But there's an altogether new dimension now, with more French youth answering the call to jihad in Syria and Iraq than in any other Western country. The authorities have been pushed to their limits. On Thursday, French Prime Minister Manuel Valls said, "Our services have dismantled many groups and foiled plans for attacks. That is proof that we are acting. Hundreds of people are followed, dozens have been questioned, dozens have been jailed. That shows the difficulties facing our services: the number of individuals who pose a threat."

The Suspects

On Wednesday night, just eight kilometers north of the Place de la République, where the mourners had converged, few lights were on and only silhouettes could be seen behind the curtains in the darkness of rue Basly, the street where suspected killer Chérif Kouachi resided in the suburb of Gennevilliers. Until last Wednesday, Kouachi had resided on the fourth floor of this brick building with cacti in the windows behind a violet-colored door in Apartment 143.

As a youth, Kouachi smoked pot and drank alcohol. In 2005, he tried to go to Iraq because he wanted to join up with al-Qaida. He and his brother Saïd were born in Paris and grew up in a children's home in Rennes. Their parents, who were of Algerian origin, died when they were young. Chérif trained to be a fitness instructor and moved to Paris, where he made a living delivering pizzas. At the time, he described himself as an "occasional Muslim." Then he became acquainted with the Farid Beyettou a janitor and fanatic self-styled preacher, who recruited Chérif for the jihad.

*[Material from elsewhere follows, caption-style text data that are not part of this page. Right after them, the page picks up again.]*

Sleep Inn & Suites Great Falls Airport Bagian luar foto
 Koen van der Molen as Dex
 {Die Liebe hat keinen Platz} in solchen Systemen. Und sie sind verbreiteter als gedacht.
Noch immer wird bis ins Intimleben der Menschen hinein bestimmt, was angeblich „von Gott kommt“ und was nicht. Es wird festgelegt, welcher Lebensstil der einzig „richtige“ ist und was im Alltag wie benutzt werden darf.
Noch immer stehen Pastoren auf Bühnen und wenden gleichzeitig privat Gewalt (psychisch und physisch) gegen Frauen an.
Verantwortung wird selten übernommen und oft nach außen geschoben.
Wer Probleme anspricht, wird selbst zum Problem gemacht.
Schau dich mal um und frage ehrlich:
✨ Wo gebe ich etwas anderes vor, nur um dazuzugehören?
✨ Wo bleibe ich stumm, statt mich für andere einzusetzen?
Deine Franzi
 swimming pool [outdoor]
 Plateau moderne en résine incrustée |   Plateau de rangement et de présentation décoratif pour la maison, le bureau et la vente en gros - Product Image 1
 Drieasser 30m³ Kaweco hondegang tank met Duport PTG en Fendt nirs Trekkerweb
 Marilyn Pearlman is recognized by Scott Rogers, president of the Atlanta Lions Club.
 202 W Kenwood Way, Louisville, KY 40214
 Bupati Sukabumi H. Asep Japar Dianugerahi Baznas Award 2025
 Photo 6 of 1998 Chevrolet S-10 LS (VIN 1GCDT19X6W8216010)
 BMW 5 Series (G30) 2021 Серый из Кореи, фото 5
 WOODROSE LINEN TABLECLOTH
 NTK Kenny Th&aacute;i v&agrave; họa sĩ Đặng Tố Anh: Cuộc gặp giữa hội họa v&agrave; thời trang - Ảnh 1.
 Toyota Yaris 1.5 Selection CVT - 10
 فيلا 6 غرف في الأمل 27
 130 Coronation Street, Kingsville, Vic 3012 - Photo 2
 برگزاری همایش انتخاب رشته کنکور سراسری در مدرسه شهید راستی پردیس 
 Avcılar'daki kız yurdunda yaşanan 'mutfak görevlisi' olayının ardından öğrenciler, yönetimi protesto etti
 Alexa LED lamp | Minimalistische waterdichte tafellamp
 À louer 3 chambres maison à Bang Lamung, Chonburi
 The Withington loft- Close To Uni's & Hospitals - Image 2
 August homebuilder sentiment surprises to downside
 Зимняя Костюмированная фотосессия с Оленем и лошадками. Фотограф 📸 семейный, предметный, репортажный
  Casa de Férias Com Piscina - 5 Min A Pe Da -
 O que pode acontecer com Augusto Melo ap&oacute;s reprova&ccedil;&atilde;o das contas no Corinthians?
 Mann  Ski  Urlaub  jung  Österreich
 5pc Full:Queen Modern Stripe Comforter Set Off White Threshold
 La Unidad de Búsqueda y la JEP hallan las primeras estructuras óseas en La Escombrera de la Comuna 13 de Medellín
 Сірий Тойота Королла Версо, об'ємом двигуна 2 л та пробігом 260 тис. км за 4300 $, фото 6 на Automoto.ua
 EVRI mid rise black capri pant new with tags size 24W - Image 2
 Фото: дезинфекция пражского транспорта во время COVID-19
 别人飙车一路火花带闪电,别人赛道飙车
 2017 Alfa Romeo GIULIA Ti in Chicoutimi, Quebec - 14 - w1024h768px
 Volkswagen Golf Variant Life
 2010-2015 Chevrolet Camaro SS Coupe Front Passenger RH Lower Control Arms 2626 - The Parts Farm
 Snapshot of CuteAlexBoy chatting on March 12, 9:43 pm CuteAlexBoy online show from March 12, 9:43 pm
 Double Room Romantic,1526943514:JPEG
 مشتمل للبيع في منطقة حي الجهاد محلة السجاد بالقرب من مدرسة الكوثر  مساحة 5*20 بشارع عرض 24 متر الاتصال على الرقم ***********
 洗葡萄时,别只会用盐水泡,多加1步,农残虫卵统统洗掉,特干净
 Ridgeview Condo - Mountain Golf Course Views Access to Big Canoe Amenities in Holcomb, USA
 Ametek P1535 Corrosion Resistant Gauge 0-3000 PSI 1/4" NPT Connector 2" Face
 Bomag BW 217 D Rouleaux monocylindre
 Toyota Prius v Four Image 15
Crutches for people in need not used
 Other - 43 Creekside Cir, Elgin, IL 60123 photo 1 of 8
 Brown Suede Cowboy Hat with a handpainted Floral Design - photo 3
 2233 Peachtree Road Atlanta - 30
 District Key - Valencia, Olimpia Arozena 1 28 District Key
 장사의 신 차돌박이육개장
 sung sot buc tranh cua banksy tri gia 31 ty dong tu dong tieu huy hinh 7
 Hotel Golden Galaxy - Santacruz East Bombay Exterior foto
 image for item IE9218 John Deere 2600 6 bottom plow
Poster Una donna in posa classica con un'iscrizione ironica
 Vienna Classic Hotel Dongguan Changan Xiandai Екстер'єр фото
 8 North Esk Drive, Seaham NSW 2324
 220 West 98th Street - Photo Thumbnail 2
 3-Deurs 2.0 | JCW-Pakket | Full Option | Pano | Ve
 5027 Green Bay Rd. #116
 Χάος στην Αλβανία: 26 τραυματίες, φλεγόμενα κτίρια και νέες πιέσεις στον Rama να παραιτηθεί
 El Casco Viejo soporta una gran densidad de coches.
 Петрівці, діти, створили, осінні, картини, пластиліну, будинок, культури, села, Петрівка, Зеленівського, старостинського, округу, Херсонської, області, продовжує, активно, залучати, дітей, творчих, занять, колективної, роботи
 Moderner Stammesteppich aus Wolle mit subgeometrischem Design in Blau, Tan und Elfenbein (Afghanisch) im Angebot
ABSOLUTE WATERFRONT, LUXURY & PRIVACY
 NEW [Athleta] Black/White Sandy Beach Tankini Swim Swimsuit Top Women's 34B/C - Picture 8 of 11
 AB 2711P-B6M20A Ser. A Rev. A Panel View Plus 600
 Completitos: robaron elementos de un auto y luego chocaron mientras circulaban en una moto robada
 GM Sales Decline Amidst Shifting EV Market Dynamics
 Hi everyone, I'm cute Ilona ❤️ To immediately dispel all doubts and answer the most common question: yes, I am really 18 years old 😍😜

A video filmed in the summer of 2004 by a neighborhood group shows Chérif as a young man wearing tennis shoes, light blue jeans and closely shorn hair, with a clean-shaven face. He can be seen rapping, doing his best to act cool like kids of that age do, and greeting his friend with a high-five.

'It's Good to Die a Martyr'

Police arrested Chérif in 2005 as he prepared to travel to Damascus on his way to Iraq, where he wanted to kill Americans. During his trial in 2008, he said he had been radicalized by the images of Abu Ghraib. His lawyer described him as a "loser" who had no idea what he wanted to do with his life. The judge sentenced Chérif Kouachi to three years in prison, with half of the time to be served on probation. At the time, French TV station FR 3 interviewed Chérif as part of a documentary film. In it, he said, "Farid (Benyettou) told me that the scriptures offered proof of the goodness of suicide attacks. It is written in the scriptures that it's good to die a martyr."

After his release, he worked as a fish vendor at a branch of the Leclerc supermarket chain. Anti-terror authorities found themselves back on Cheríf's trail again in 2010. They arrested him because they believed he was planning to help a convicted terrorist escape from prison. Police also took notice of his brother Saïd at the time. French authorities registered the two for monitoring by intelligence agencies across Europe. Cheríf starting in 2010 and Saïd since 2011. Sources in German security circles told SPIEGEL that one of the two spent time in 2011 in Oman and has ties to al-Qaida on the Arab Peninsula.

The New York Times also reported that Saïd spent several months in 2011 at an al-Qaida training camp in Yemen. At the time, US-born hate preacher Anwar al-Awlaki had been successfully recruiting fighters from the West. Both Saïd and Cheríf had reportedly been placed on the US government's no-fly list.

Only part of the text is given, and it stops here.